The base subway fare has not been raised since 2003, when it jumped to $2 from $1.50. 30-day passes jumped to $70 from $63 in 2003 and then up to $76 in 2005.
Even with a fare hike that brought in half a billion additional dollars to pay for new subway cars, buses, and station maintenance, the MTA would still have to rely on state aid to get its finances under control, sources briefed on the budget said. “There are only three ways for the MTA to get the money: the city, the state, or the riders,” the executive director of the Permanent Citizens Advisory Committee to the MTA, William Henderson, said. “If the riders are going to be paying additional money, there should be additional money coming from other MTA funding partners as well.”
The MTA is reportedly expected to call for more revenue from state taxes.
The MTA in the past has favored a policy of instituting modest fare hikes every few years rather than infrequent whopping increases. Some city officials said they were not convinced any fare hike is necessary.
“First we need to know what’s being done with unspent funds from previous capital plans and mismanaged technology, such as the automated L train,” the chairman of the City Council’s transportation committee, John Liu, said. Mr. Liu attacked the MTA last year for having $212 million of unspent funds from its previous capital plan in its coffers while stations sat in disrepair. Mr. Liu said that the delayed “robotrain” experiment on the L line had also cost the agency hundreds of millions of dollars.
No service cuts are planned for 2008, according to officials who were briefed on the plan.

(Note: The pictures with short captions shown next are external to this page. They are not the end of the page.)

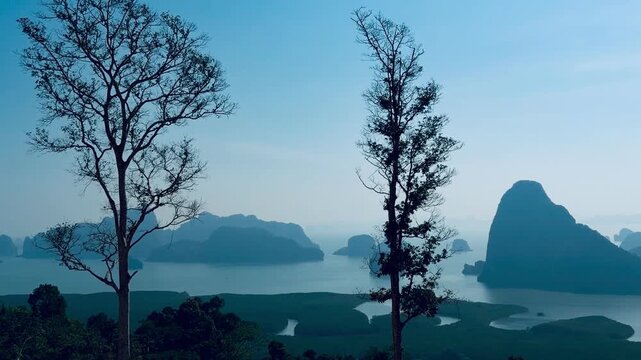 Horizontal video of scenic tree branches silhouette over spectacular sunrise morning sky at Samet Nangshe in Phang Nga, Thailand. Iconic Avatar limestone mountain islands on calm water background. Cli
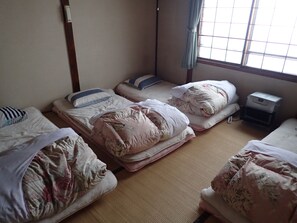A dormitory room with three beds, a small desk with a printer, and a window with a view of the outside.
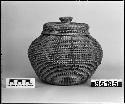 Lidded basket from the collection of G. Nicholson. Open coiled, three-rod foundation, non-interlocking stitches.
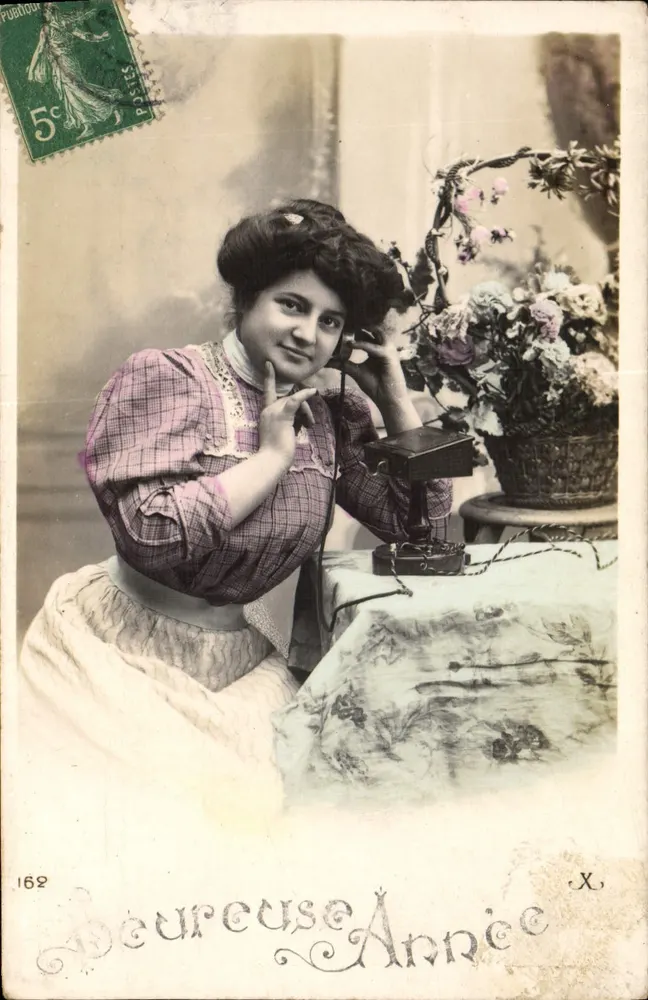 Mulher ao telefone — 'Beureuse Année' — Union Postale Universelle, n°162 - Frente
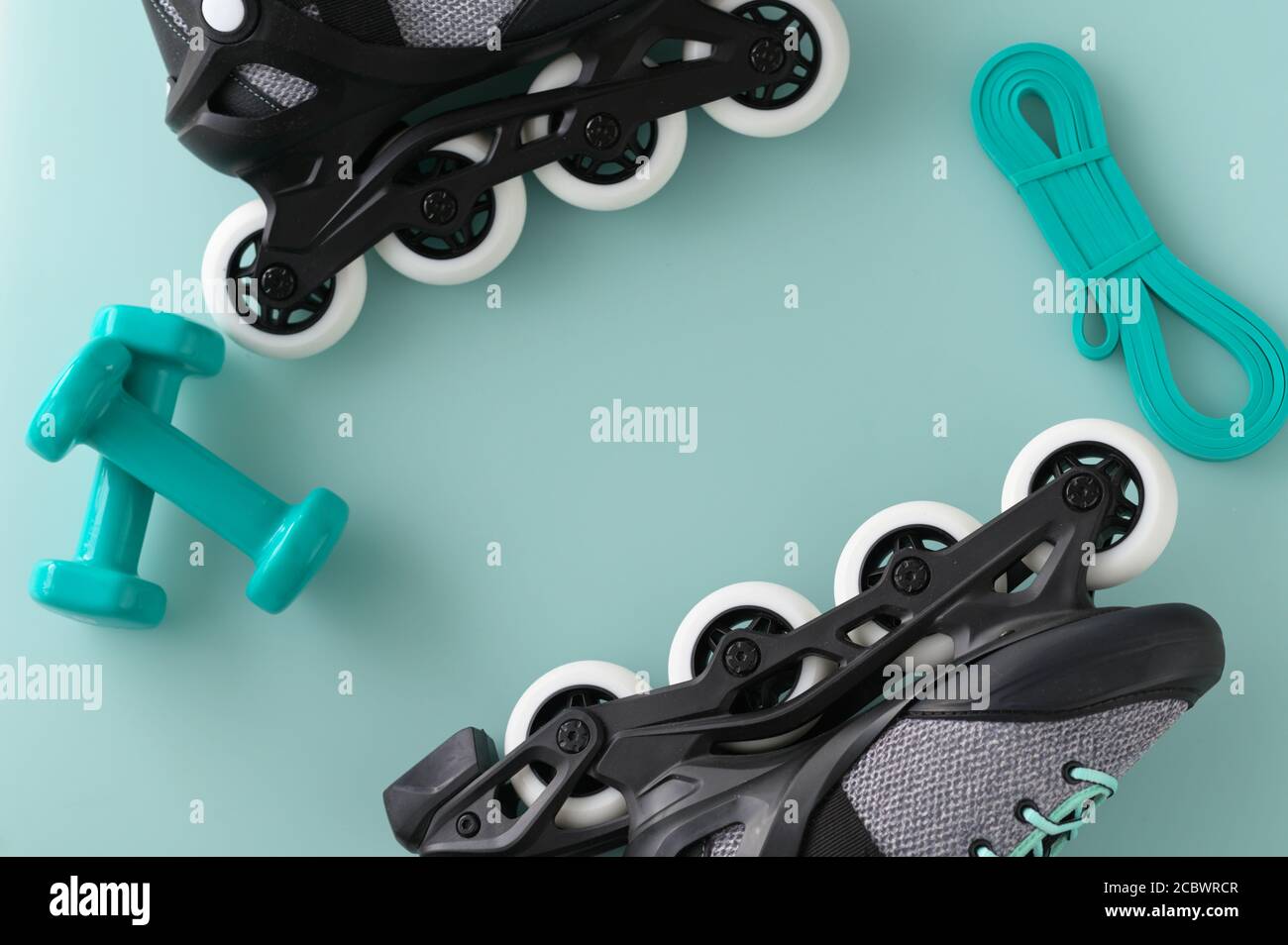 Active lifestyle and fitness border with hand weights, roller skates, and resistance band on a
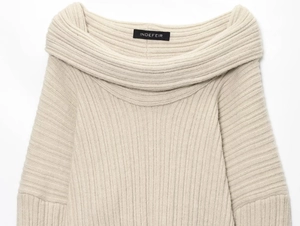 Close-up of beige ribbed knit sweater collar with black branded neck label detail
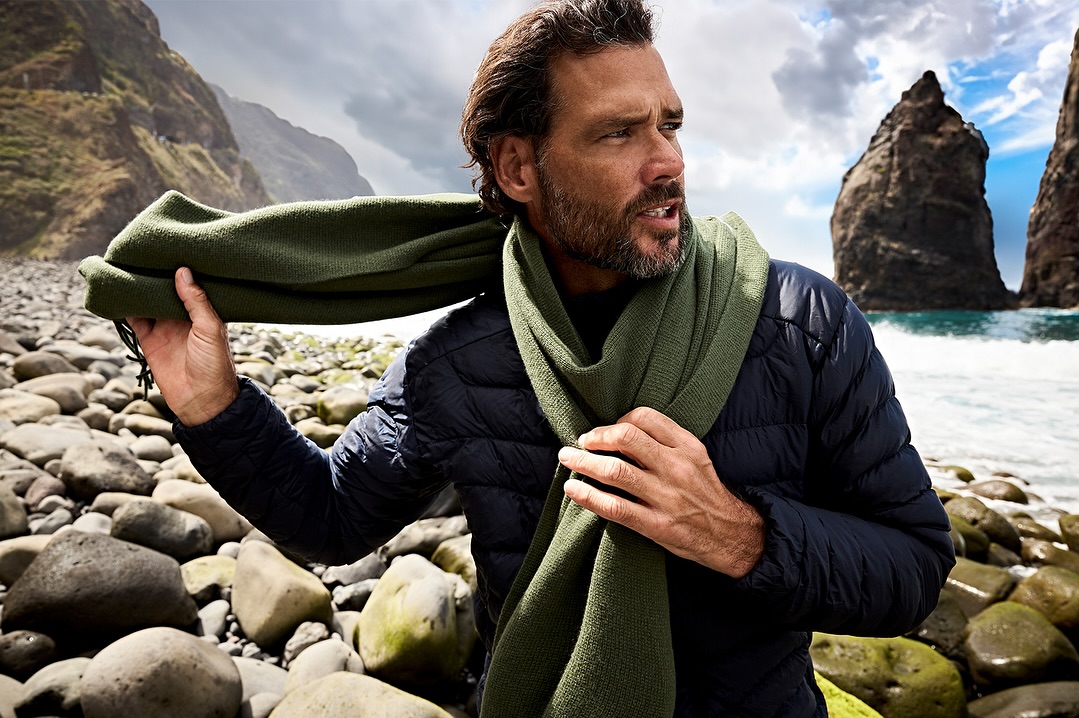 Man wearing a dark blue puffer jacket and green scarf stands on a rocky beach with dramatic rock formations in the ocean against a cloudy sky.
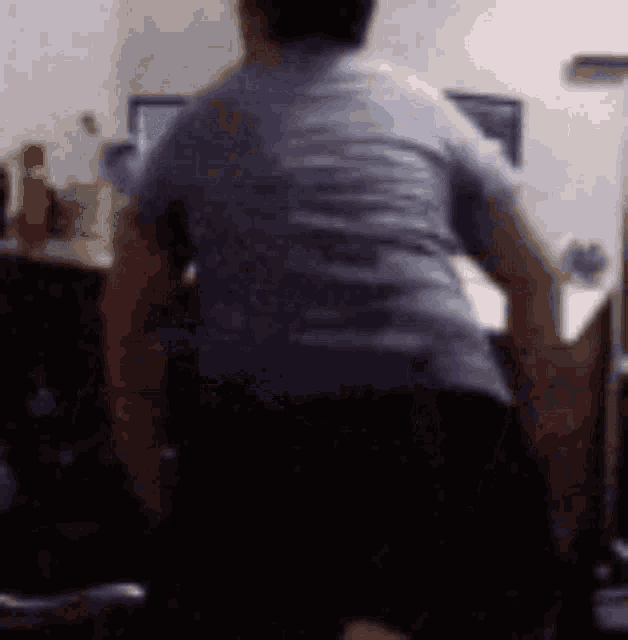 a blurry picture of a man in a blue shirt dancing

The MTA board is expected to pass a resolution that would allow hearings on a fare hike. The MTA is scheduled to submit an updated financial plan in November, and the agency would adopt the budget in December.
Yesterday evening, the MTA held a press briefing about the fare hike for reporters from selected newspapers, but declined to admit a New York Sun reporter when the newspaper declined to abide by specific rules about what it would publish in this news article.